Its thin profile and flexibility allow it to be bent easily into place unlike the quarter-round that does a better job covering large gaps. Unlike its counterpart, shoe molding is better at hiding imperfections and gives a finished elegant look.
The only objection to shoe molding is that your baseboard bottom must be flat to use it and it needs to be avoided over carpet since the carpet covers gaps and would pose a problem if the carpet needs to be changed.
Another place to avoid shoe molding is in bathrooms because the smaller space of a bathroom isn’t conducive for more trim since it further reduces how big your bathroom seems.
Do You Need to Caulk Between Quarter-Round and Flooring?
You need to caulk between quarter-round and flooring if you want to create a perfect seal. Caulking is not always necessary, but it can be helpful in preventing water and insects from getting to your wood.
Quarter-round is a molding style usually combined with a baseboard and used to conceal openings and irregularities between the edge and the floor. Filling up the gaps with caulk is therefore a smart choice if you intend to keep your home appearance modern and contemporary.
Although caulk can be used to install quarter rounds on baseboards, it is not advisable as it can be tricky to dislodge if the floor needs to be repaired later. You should therefore stick to caulking the gaps between the quarter round and the floor only while nailing the quarter round to the baseboard.
How To Install Quarter-Round Like A Pro?
You can install quarter-round by accurately measuring your wall and floor, getting the right size of quarter-round molding, and drilling nails to hold in the moldings.
If you have decided to install quarter-round by yourself, you might be looking for guidance on how to handle the task perfectly. Here are detailed steps for completing the installation process.
- Determine the size of your wall area with measuring tape. Every space has varied molding lengths, so take as many measurements as possible.
- Measure the bottom of each wall and measure from left to right to make it easy to read when cutting.
- Ensure your molding material matches the baseboard or floor or purchase flat white primed quarter round and repaint with semi-gloss paint to complement the baseboard. This paint should cover the nails, which will be coated with caulk.
- Quarter-round molding is available in entire pieces ranging in length from 6 to 12 ft (1.8 to 3.7m). When mounting to a wall, try to utilize a single piece. This eliminates the possibility of gaps opening when the temperature changes and the parts shrink.
- In cases where pieces must be joined together, apply glue and accelerator to ensure it is sealed tight before mounting to the wall.
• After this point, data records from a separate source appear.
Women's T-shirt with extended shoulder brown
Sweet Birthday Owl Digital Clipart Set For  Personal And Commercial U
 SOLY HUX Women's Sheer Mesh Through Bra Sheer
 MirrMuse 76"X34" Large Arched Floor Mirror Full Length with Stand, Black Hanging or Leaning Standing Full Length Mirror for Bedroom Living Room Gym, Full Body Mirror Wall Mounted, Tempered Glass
- Mount your miter saw on a firm platform and move the blade along the left or right side of its base to cut your quarter round. The standard approach is to cut at 45°, but in circumstances when the wall area is irregular, this may result in gaps in the front.
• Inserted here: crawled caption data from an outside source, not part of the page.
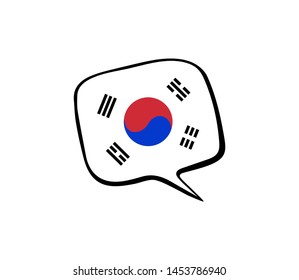 Speech bubble with the flag of Korea on the white background. Vector illustration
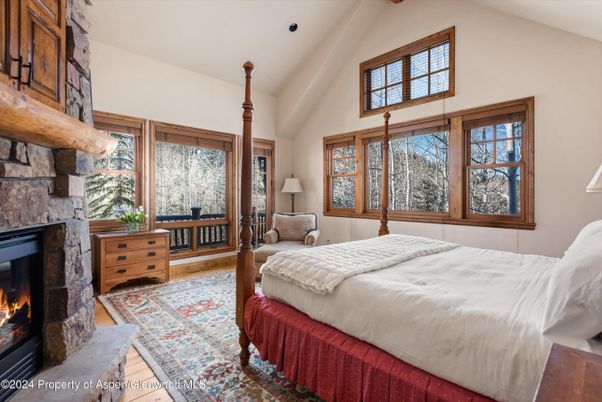 Bedroom, Fireplace, Interior, Wood Texture Flooring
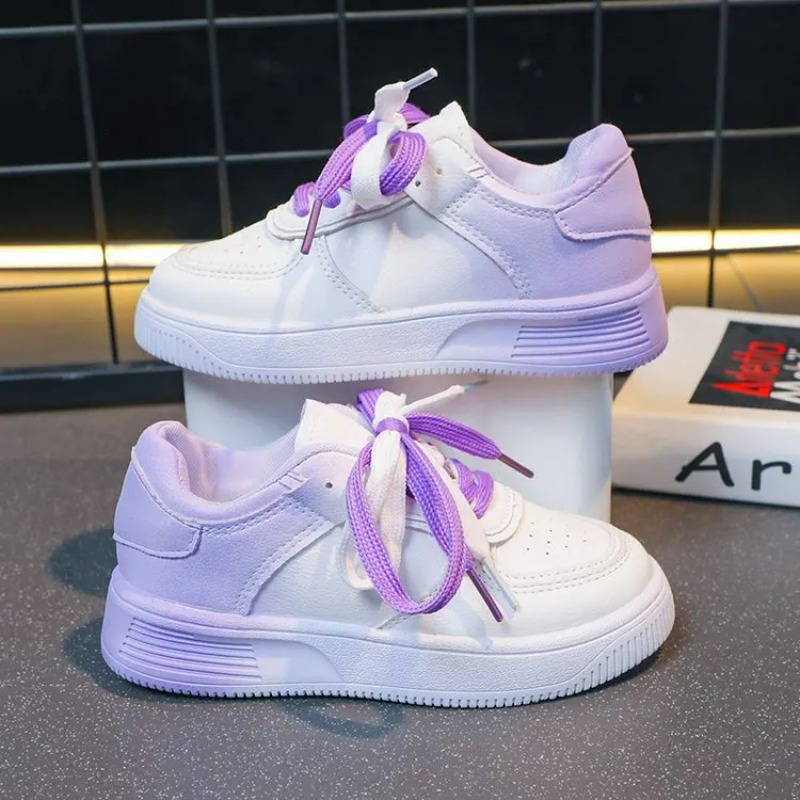 Running Shoes Women - New Women Gradient White Sneakers Spring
- When cutting from the long or inside corner, therefore, set the saw to 44°, and when cutting from the short or inside corner, set it to 46°.
- Along the quarter-rounds, mark sites for nails per 12 inches (30 cm) with a pencil. Begin measuring, starting at the edges and work your way down the length of each piece of molding. This guarantees that the quarter rounds fit neatly. Make no marks near the ends of the molding as the nails may crack it.
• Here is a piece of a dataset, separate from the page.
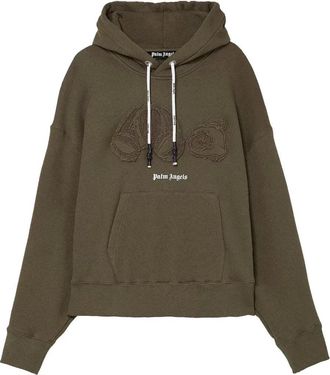 Palm Angels SS21 Gd Bear Hoodie Military PMBB058S21FLE0055601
- Rather than hammering, utilize a nail gun with a compressor as this is much faster and produces more admirable work, as well as eliminating the need for pilot holes.
- Because it’s so simple to use, you’ll be able to put in more nails. Nails should be 18 gauge and 1.25 inches (3.2 cm) long. Adjust the pressure level such that the nails are driven just below the top, allowing you to caulk or wood putty the holes.
- With a caulk gun, fill the gaps around the quarter rounds. Hold the nuzzle of the gun just over the upper portion of the quarter round, then apply a bead of caulk while slowly pushing the trigger.
- To squeeze the caulk behind the quarter rounds, trace your finger along the top and fill any gaps between individual parts to ensure the caulk appears even and concealed as much as possible.